Analysts say the initial round of parliamentary elections, which began on 9 April, have been more transparent than the country’s past three elections, which were marred by violence and irregularities, but nonetheless, evidence of candidates in some towns employing desperate measures, including vote-buying, has emerged.
According to Shehu Dalhatu, director of the Centre for Democratic Research and Training (CDRT) in the northern city of Kano, candidates for the 9 April legislative elections recruited agents who hung around a few metres from polling stations offering money for votes. In some cases candidates demanded Muslim voters swear on the Koran that they would not change their mind once in the polling booth.
Akibu Dalhatu of Transition Monitoring Group (TMG), a local group in Jigawa state that has been involved in election monitoring in Nigeria since 1999, told IRIN that when monitoring the polls: “I witnessed politicians [in villages in Jigawa] openly offering money to voters at polling stations to cast their votes in favour of their candidates and many voters took the money with the promise to vote for the politicians’ candidates.”

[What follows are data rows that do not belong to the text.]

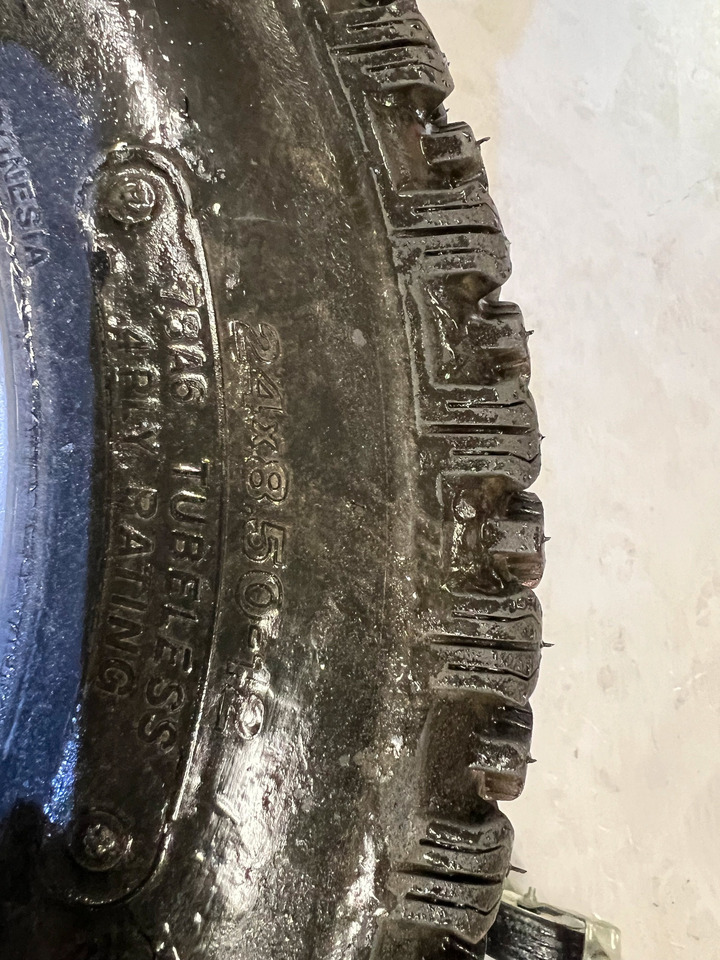 Dekk passer Massey Ferguson 1525 - Komplett kerék - Mezőgazdasági gépek: 3 kép. Dekk passer Massey Ferguson 1525 - Komplett kerék - Mezőgazdasági gépek: 3 kép.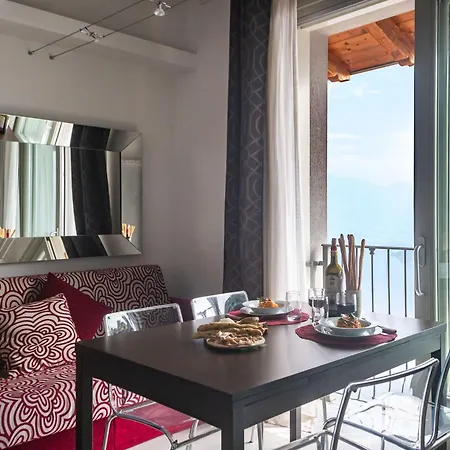 Beatrice Apartment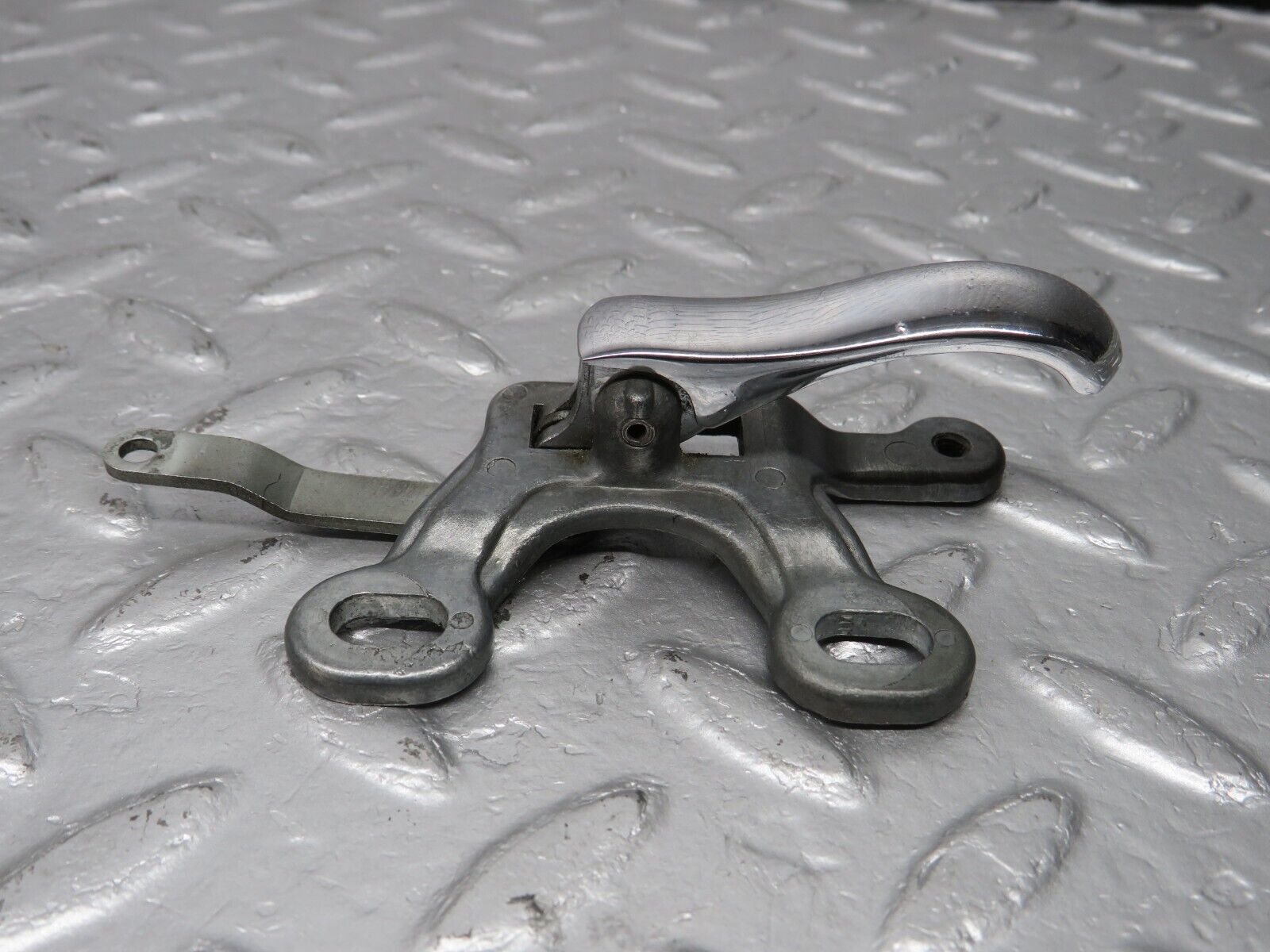 40256 Mercedes-Benz W110 230 Rear Left Interior Door Handle Chrome 1107660319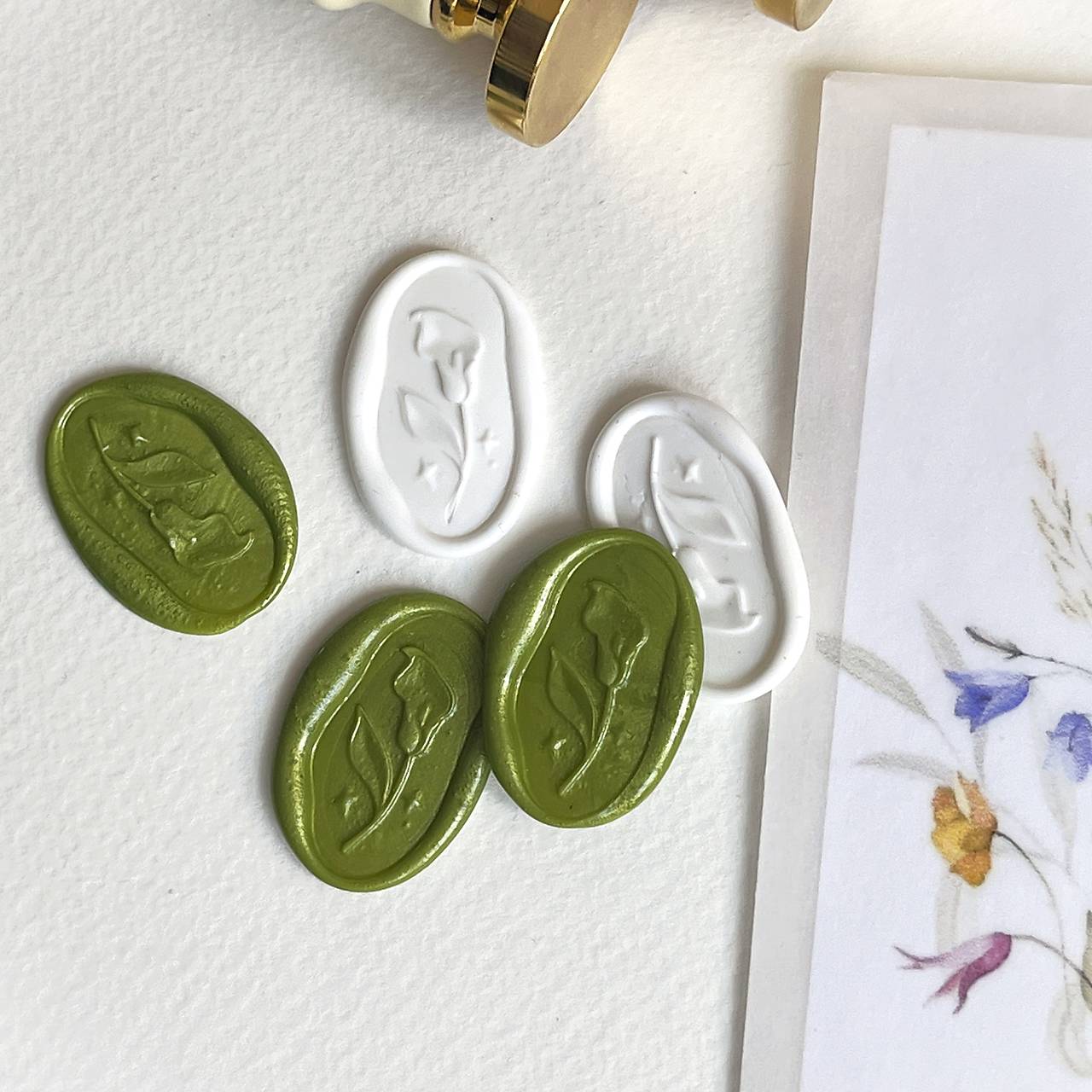 hotová samolepiaca pečať Oválna kala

“Most of the voters approached were women who are mostly illiterate with no voter education and therefore more gullible to such offers,” he told IRIN.
Politicians also went door-to-door offering food, soap, clothes and money to potential voters, residents of the northern city of Kano told IRIN. “I was offered a wax fabric and 500 naira [US$3.3] which I collected, but I voted for the candidate of my choice,” Fatima Musa, a 35-year-old voter in Kano, told IRIN.
In previous elections, voters in northern Nigeria would often wear leaves on their heads to advertise that their vote was for sale, and would openly haggle with candidates’ representatives over the price.
The practice is evidence of disillusionment with the elections’ process. “After voting several times, and their electoral wishes have been flaunted through election rigging, many voters feel their votes do not count and will take money to vote,” TMG director Festus Okoye told IRIN. “Coupled with excruciating poverty and illiteracy, these voters would readily part with their votes for some paltry financial gain.”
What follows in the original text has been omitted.